- **Given records**
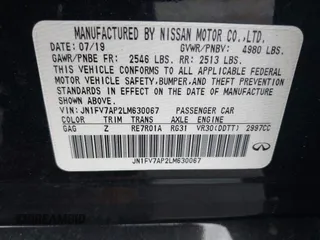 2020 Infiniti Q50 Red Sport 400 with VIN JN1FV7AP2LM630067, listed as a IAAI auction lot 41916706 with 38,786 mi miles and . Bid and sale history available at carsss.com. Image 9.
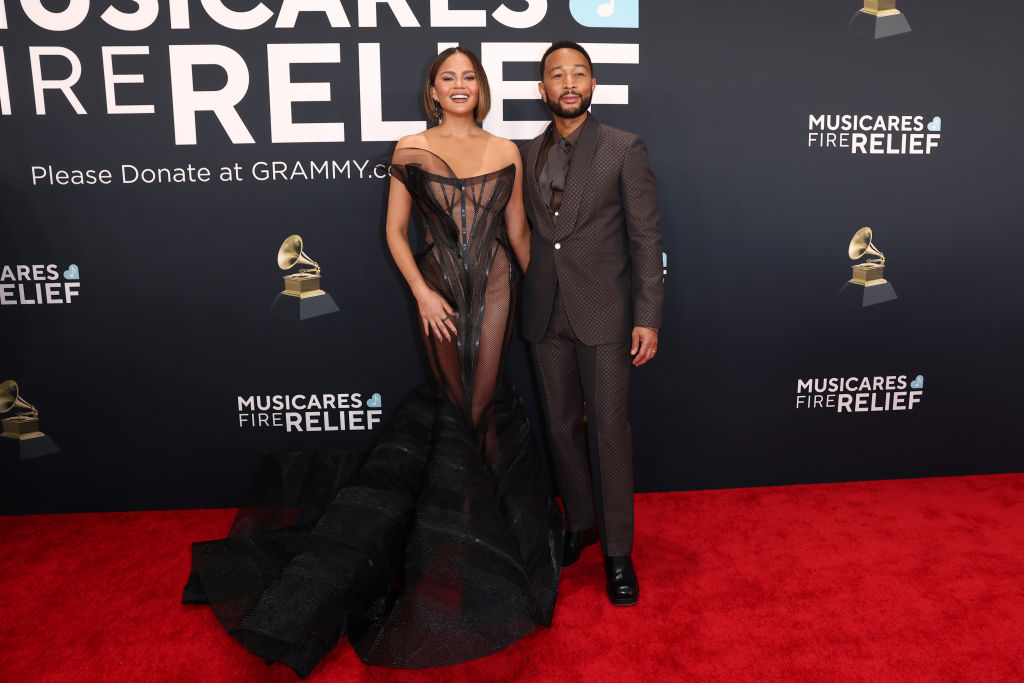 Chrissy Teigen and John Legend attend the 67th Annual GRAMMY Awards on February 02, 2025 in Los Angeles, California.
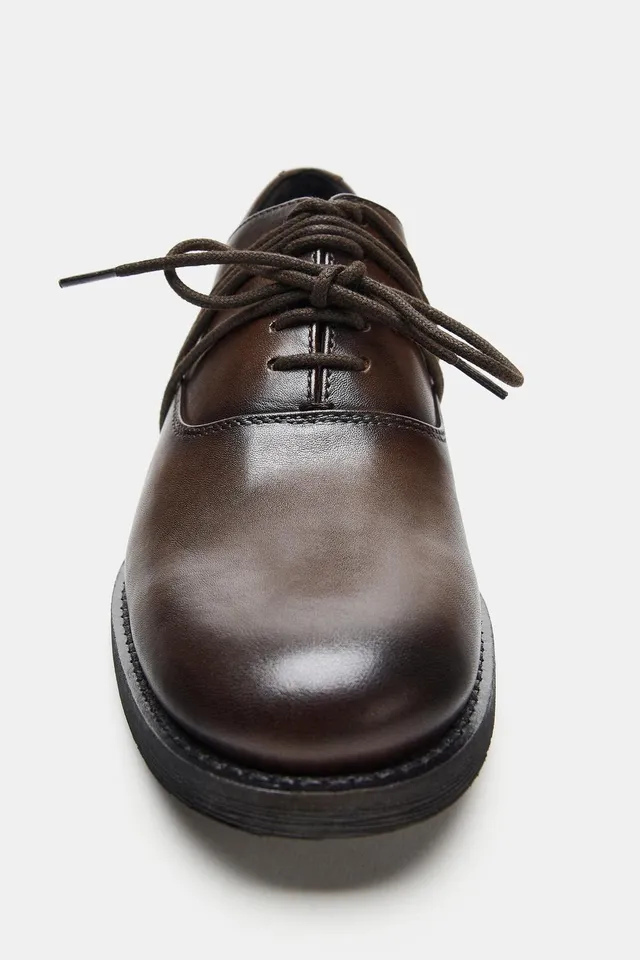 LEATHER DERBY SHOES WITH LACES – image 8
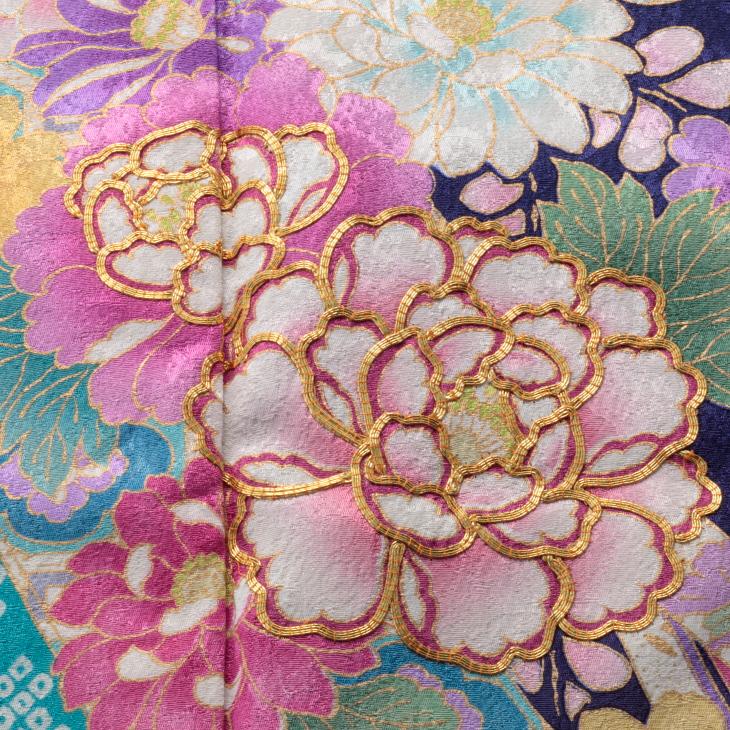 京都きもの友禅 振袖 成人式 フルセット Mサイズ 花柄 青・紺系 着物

==

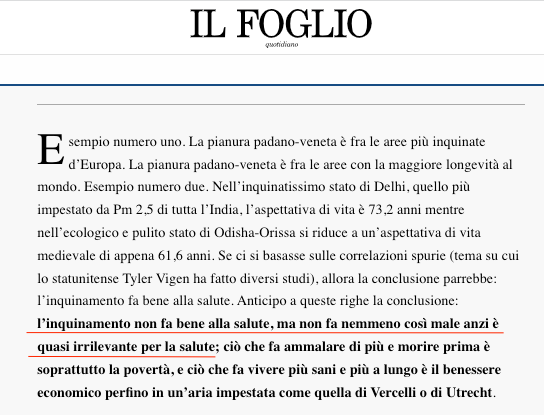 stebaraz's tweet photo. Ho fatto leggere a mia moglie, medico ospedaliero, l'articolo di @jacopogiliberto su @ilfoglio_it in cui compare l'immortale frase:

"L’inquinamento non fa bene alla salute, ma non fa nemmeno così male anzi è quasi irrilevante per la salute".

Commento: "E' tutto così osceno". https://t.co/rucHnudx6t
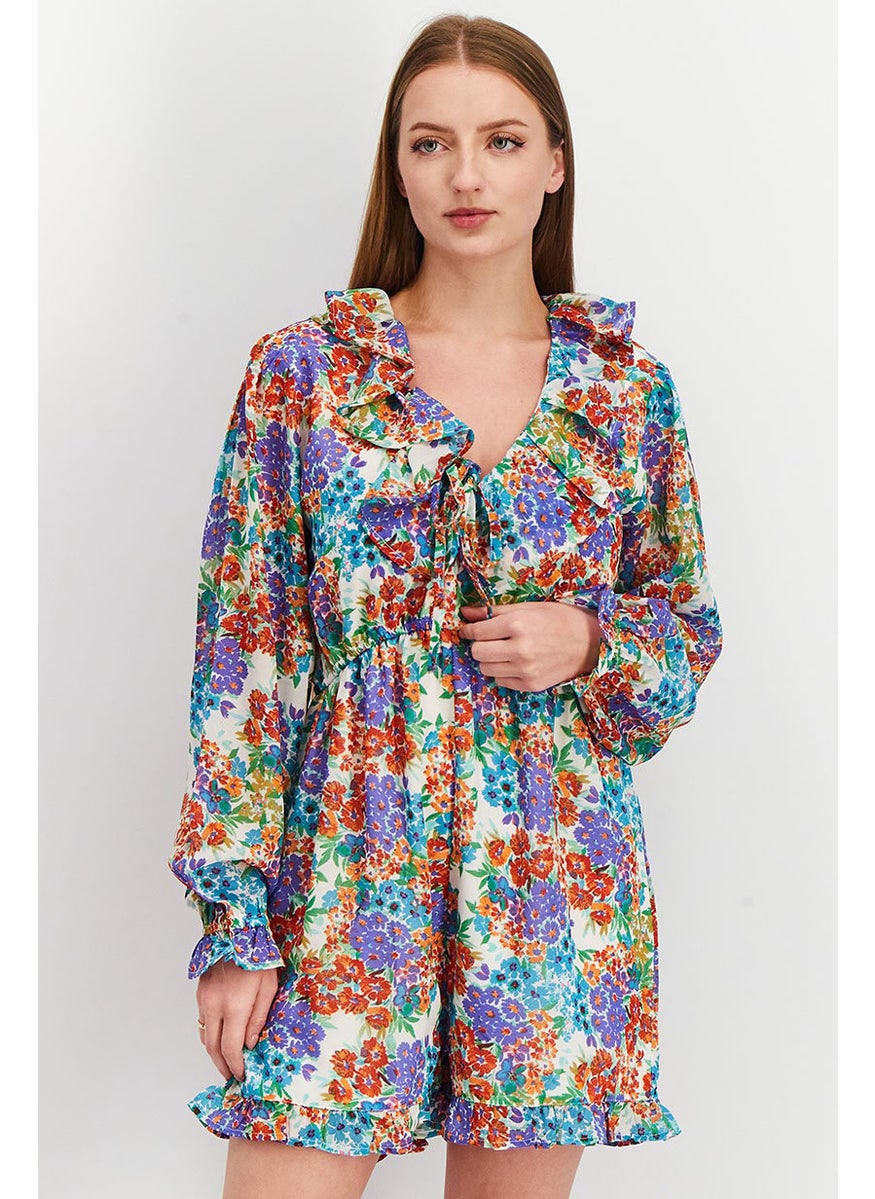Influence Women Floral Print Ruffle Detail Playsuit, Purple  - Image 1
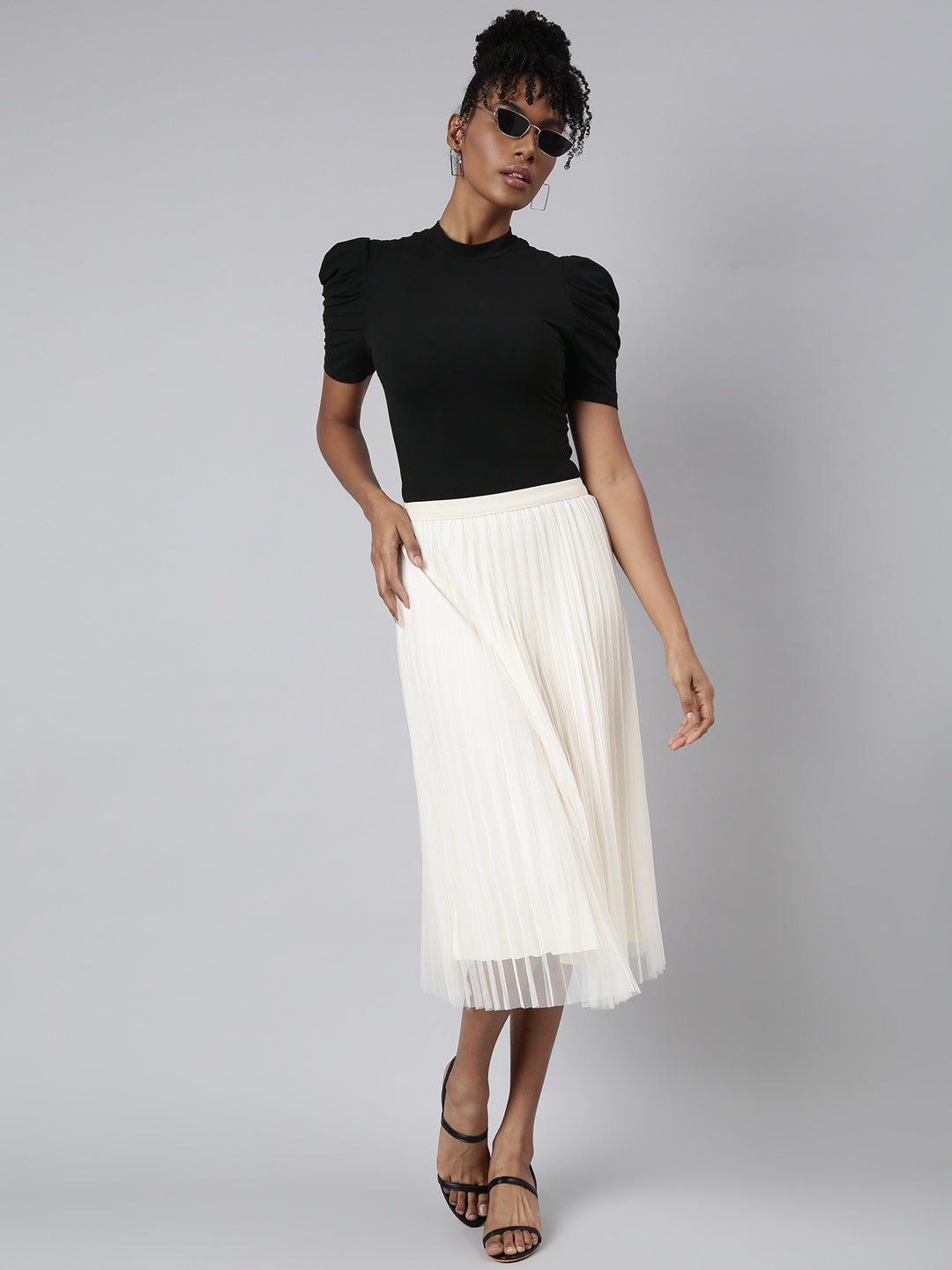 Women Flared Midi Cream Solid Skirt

- **What is being asked**
Within the entries above, the lines from the one containing "LEATHER DERBY SHOES WITH LACES – image 8" through the one containing "京都きもの友禅 振袖 成人式 フルセット Mサイズ 花柄 青・紺系 着物" are to be transcribed exactly, ends included, pictures excluded.

- **Exercise result**
 LEATHER DERBY SHOES WITH LACES – image 8
 京都きもの友禅 振袖 成人式 フルセット Mサイズ 花柄 青・紺系 着物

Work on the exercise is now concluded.